Provided data
——————

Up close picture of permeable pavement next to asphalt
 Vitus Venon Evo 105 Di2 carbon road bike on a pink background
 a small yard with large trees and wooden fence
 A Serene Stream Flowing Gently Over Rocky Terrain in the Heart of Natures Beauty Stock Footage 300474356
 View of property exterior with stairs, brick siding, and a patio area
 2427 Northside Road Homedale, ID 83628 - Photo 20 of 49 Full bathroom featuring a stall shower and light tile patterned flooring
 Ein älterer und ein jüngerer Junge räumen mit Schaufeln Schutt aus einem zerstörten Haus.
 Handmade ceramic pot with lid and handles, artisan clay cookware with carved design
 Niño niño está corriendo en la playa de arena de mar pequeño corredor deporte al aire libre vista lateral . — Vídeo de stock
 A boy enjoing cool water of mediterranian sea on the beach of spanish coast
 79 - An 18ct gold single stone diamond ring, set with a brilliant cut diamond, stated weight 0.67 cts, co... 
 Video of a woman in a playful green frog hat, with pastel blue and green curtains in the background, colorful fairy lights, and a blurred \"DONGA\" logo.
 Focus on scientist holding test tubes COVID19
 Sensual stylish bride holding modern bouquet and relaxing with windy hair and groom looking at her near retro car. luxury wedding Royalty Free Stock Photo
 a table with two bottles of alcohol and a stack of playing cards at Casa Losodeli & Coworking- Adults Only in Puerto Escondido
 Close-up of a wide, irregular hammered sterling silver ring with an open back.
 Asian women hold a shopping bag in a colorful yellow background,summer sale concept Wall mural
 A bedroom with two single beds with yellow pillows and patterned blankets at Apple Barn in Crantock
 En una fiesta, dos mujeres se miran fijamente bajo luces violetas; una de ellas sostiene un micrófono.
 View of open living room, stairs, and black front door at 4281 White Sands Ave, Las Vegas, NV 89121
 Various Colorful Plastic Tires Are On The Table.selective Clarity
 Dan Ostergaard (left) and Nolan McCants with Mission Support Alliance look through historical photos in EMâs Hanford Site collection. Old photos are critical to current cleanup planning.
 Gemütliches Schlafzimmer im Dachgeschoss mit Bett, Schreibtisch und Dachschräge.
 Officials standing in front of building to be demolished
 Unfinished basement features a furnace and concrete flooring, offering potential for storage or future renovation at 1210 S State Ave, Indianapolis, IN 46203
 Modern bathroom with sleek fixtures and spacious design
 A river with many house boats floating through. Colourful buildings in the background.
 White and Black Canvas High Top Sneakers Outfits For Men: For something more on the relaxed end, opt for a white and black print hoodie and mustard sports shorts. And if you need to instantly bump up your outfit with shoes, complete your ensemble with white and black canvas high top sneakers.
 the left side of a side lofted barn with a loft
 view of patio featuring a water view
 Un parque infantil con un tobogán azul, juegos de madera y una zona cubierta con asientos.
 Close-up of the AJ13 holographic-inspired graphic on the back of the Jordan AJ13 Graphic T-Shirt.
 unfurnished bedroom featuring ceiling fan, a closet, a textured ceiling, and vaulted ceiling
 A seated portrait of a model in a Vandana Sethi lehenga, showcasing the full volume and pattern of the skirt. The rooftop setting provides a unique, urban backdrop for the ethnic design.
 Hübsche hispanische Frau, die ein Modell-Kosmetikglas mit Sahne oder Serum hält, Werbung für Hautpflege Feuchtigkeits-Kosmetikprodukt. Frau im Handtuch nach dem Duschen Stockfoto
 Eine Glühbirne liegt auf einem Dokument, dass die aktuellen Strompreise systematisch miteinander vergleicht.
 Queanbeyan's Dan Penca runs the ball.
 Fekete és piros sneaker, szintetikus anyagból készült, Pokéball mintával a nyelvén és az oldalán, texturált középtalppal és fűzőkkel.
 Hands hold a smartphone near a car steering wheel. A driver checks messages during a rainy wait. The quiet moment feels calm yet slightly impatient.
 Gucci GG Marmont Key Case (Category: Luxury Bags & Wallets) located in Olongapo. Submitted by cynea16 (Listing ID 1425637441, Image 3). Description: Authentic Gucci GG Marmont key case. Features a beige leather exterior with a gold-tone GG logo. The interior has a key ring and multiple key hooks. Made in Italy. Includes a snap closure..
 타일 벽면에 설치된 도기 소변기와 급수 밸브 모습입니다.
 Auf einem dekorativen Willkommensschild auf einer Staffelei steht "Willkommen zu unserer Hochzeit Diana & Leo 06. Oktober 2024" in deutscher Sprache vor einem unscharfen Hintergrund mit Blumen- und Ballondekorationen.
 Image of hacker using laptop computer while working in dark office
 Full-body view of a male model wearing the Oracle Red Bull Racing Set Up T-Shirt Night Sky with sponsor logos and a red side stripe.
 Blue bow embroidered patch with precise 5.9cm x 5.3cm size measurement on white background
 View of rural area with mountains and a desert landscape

——————

What this task involves
Please output exactly the lines between the one holding "Various Colorful Plastic" and the one holding "A river with" in the records above, inclusive, and nothing more.

Answer space
 Various Colorful Plastic Tires Are On The Table.selective Clarity
 Dan Ostergaard (left) and Nolan McCants with Mission Support Alliance look through historical photos in EMâs Hanford Site collection. Old photos are critical to current cleanup planning.
 Gemütliches Schlafzimmer im Dachgeschoss mit Bett, Schreibtisch und Dachschräge.
 Officials standing in front of building to be demolished
 Unfinished basement features a furnace and concrete flooring, offering potential for storage or future renovation at 1210 S State Ave, Indianapolis, IN 46203
 Modern bathroom with sleek fixtures and spacious design
 A river with many house boats floating through. Colourful buildings in the background.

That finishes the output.